Yesterday I woke up with a heavy pressure in my head and ears as the sounds coming from the back of the house revealed rain. There is a phenomenon with storm pressure that can cause pressure within our bodies – particularly the head region. As the feeling came and went throughout the day I became more agitated that I couldn’t rid of it completely. The only thing that seemed to provide relief was to lay down.
Last night I realized that I felt better when I cuddled up on the sofa with my dog. Then as I would get up to let him out and do various tasks, I was reminded again of the heavy pressure and popping noises inside of my head.
The pressure comes before the release but what is it that God wants to release in me right now?
I woke up last night reminded of my second prophetic dream in a sequence of 3 that would revisit me often in this season. That dream featured me and another in the sky tied to a cord that had one side snapped onto our harnesses and the other side attached to the earth below – a boat. When a massive storm came and everyone below was running, I panicked trying to find an idea to get back to the ground. But I had no way to do that – no control over the situation. The pressure of that storm as it fully reached us, broke the cord that connected us to the earth below.
Today I saw this message about “brainstorm” in my archives from 2018.
Its crazy to read this and see how there are thoughts that try to control – yet as Christ demonstrated, they were all a lie. None of it was even real what the disciples perceived. The pressure isn’t even real – it’s a self-inflicted idea that we must do or control something, rather than just being.
The need to lay down is a lie as well. The connection is internal remembering that there is no such thing as negative in the singularity of God. All is good. All is perfect. All is finished – by His Stripes. Only the mind (the enemy of God) wants to look for what’s wrong and focus on that thing as it wants to have a task and a purpose.

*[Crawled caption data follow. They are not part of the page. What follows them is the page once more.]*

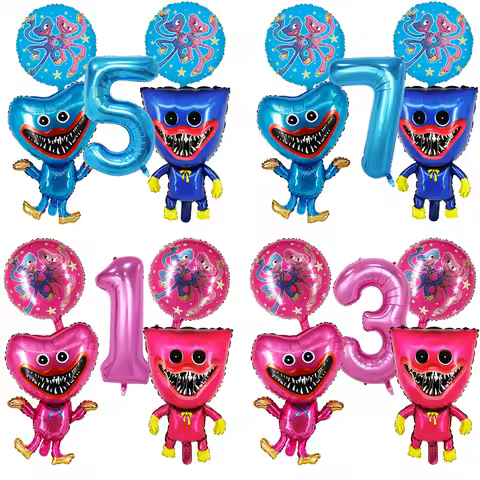 Game Huggy Wuggy Number Balloons Decoration Poppy Playtime Birthday Party Ballon Set Baby Shower Car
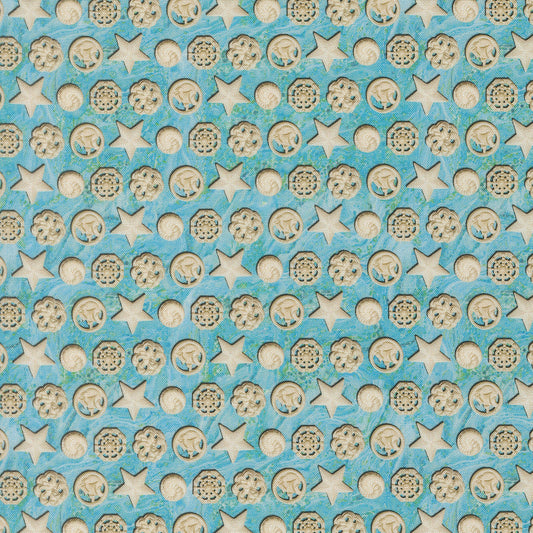 Saltwater Aqua The White Pearl Novelty Shells yardage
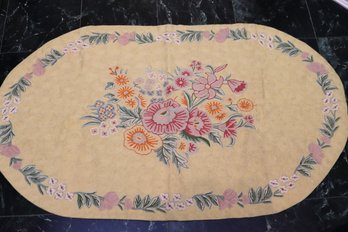 Ralph Lauren, Yellow Loomed Floor Mat With Flowers.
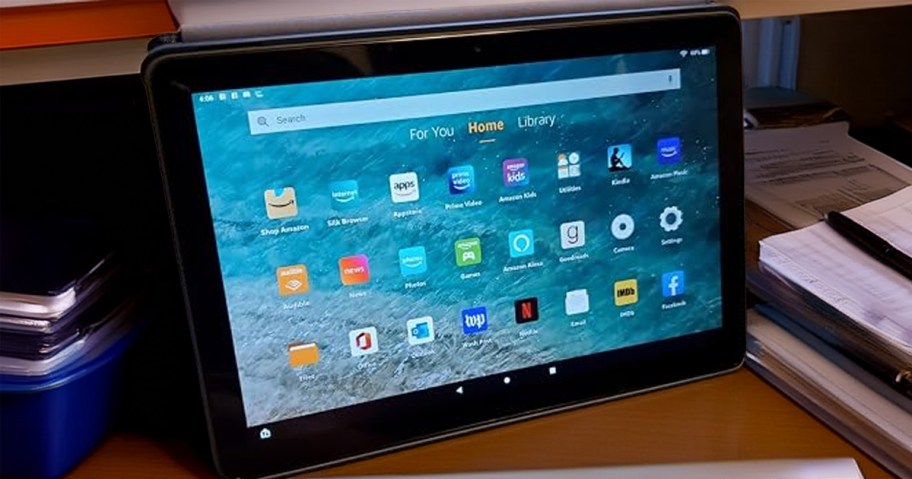 Amazon Fire HD 10 Plus Tablet on a desk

The mind thinks it must inspect and fix and sometimes will create issues just to find a function so it can feel important.
Laying down last night I was covered in the rewinding whirlwind of his Holy Spirit. As I type this last sentence and then prepare to go enjoy a hot bath I feel zen. I feel good. I feel the return of flow to my tummy and sacral and the amazing healing circling me.
There is no such thing as sickness… Remember?